Open MPI logo

Open MPI User's Mailing List Archives

  |   Home   |   Support   |   FAQ   |   all Open MPI User's mailing list

Subject: Re: [OMPI users] HPMPI versus OpenMPI performance
From: George Bosilca (bosilca_at_[hidden])
Date: 2008-06-05 04:46:17


If I correctly understand how you run your application I think I know
where the problem is coming from. In few words you're using buffered
send over shared memory.

First, buffered send has only one main benefit, it double the amount
of memory required for the communication.

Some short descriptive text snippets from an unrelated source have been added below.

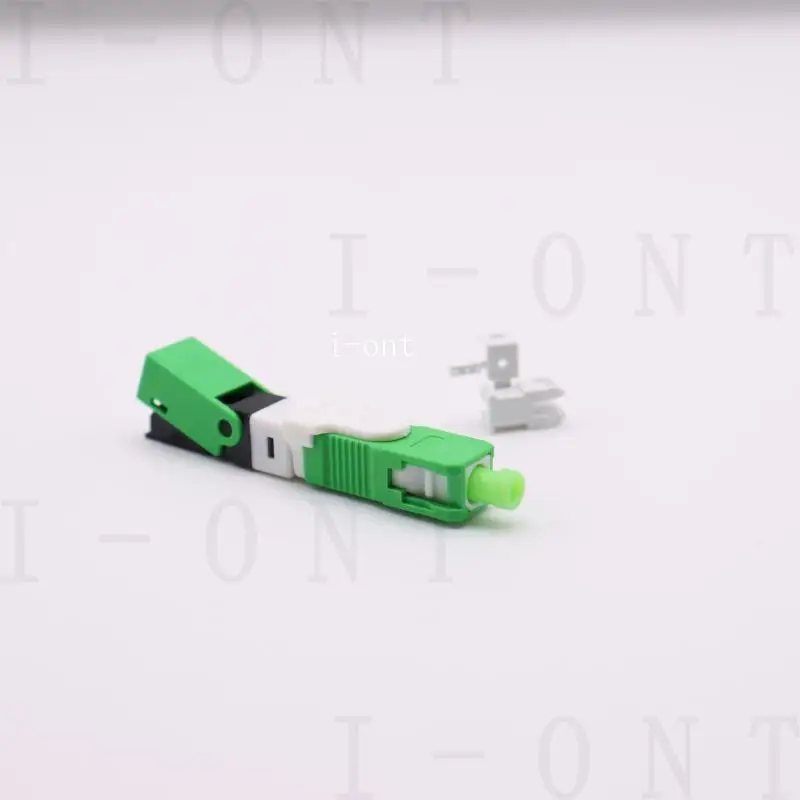 Free Shipping FTTH ESC250D Fast Conector SC APC Single-Mode Fiber Optic Quick Connector FTTH SM Optic For Telecom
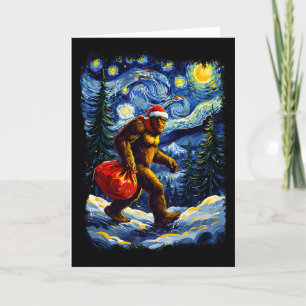 Santa Bigfoot Weihnachten Lustig Sasquatch Glauben Karte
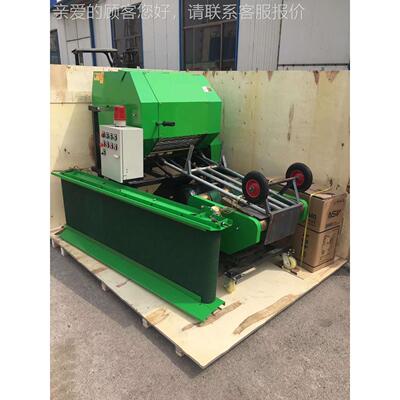 饲料KGM打捆包草膜厂家 机青贮秸稻揉丝机 青贮饲秆料包膜机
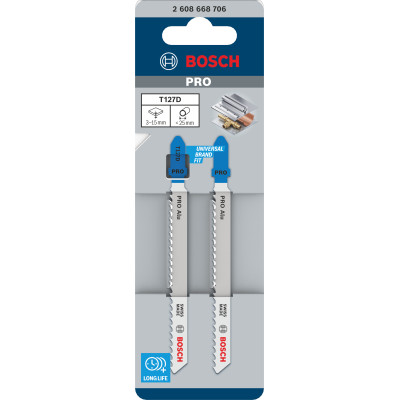 Lame De Scie Sauteuse Pro Alu T127D, 100 mm, 2 Pièces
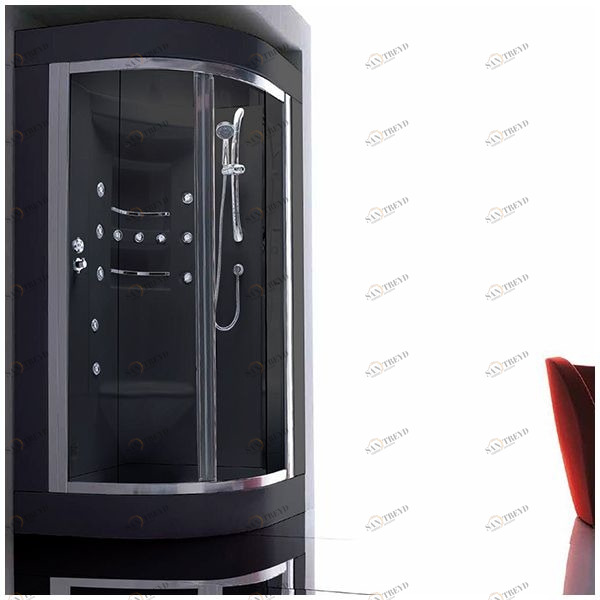 Душевая кабина Gruppo treesse Acquazzurra 100 STB-B7517D-C белая с баней и гидромассажем угловая правая STBB7517DC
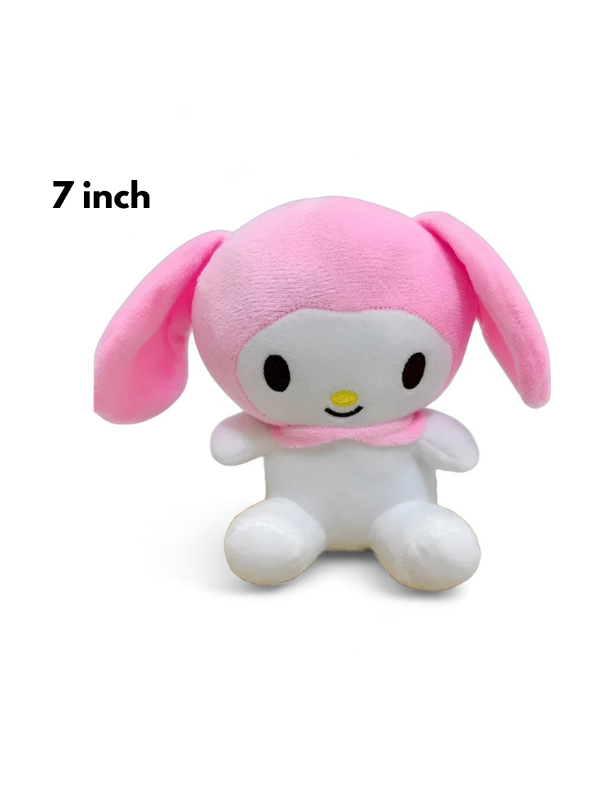 Melody Plush Doll 7-inch Sanrio Character Pink Bunny Stuffed Toy LMI12010.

A side effect is that it
increase the number of memory copies. The original buffer have to be
copied in the attached buffer, then from this attached buffer the data
will be moved into the shared memory region, and from there the
receiver can finally copy the data in the receive buffer. In total
there are 3 memory copies involved in this operation, which
automatically limit the available bandwidth to a 1/3 of the available
memory bandwidth on the architecture. Additionally, if the amount of
data involved in this communication is large enough, the cache will be
completely thrashed by the end of the communication.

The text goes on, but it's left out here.